SBY: Kita Akan Terus Kembangkan Ekonomi Kreatif

Jakarta: Presiden Susilo Bambang Yudhoyono didampingi Ibu Negara, Kamis (12/6) malam di Arena Pekan Raya Jakarta, membuka Jakarta Fair 2008 yang diadakan bersamaan dengan peringatan hari jadi ke-481 Kota Jakarta. Presiden menilai penyelenggaraan Pekan Raya Jakarta semakin baik, makin rapih, terorganisasi dan menarik. Tahun 2005 peserta 883 dengan nilai transaksi sekitar Rp 477 miliar, tahun 2006 peserta 1227 tranksaksi Rp 560 miliar.

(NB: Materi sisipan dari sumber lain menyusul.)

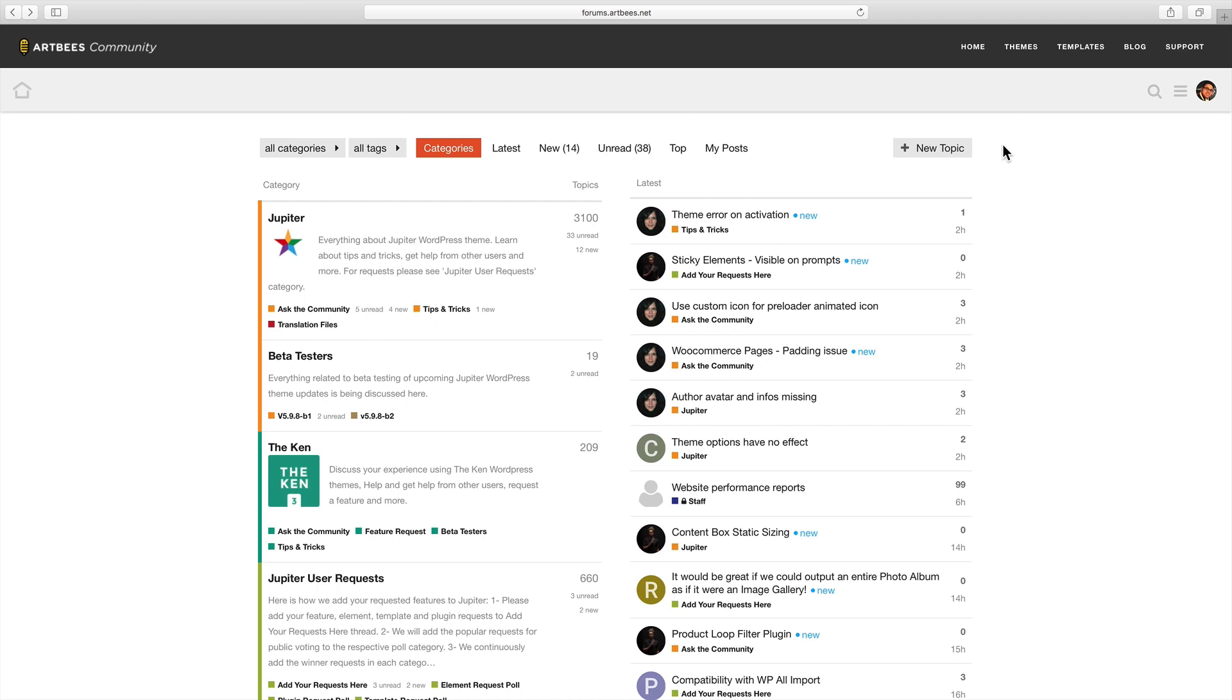So basically Artbees forum is a place where you can ask your questions, share your ideas, and communicate with other Artbees product users.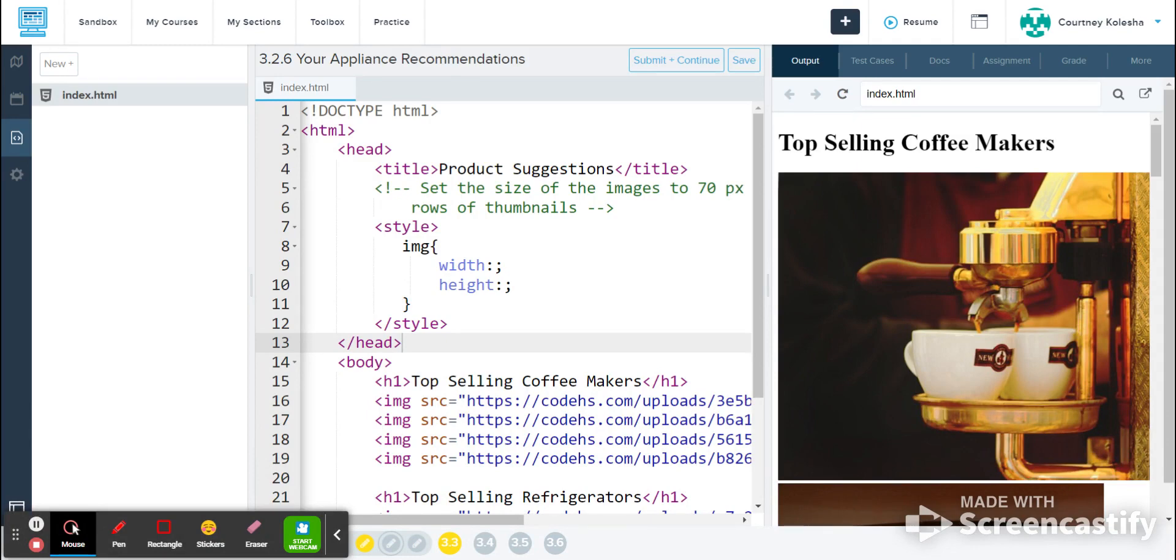This activity does have starter code provided in Schoology, so if you are looking to get that filled in for you and follow along with me, you'll need to go to Schoology and copy and paste in all of this code.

Tahun 2007 meningkat tajam, peserta 1500 dengan transaksi mencapai Rp 1,7 triliun.

Atas perkembangan tersebut, Presiden SBY memberi penghargaan yang tinggi kepada penyelenggara dan seluruh peserta PRJ."Di tengah-tengah kita menghadapi kesulitan ekonomi saat ini, sebagaimana pula yang dihadapi bangsa-bangsa lain, kita terus berkreasi untuk meningkatkan ekonomi kesejahteraan rakyat melalui PRJ ini," ujar Presiden dalam sambutan pembukaan.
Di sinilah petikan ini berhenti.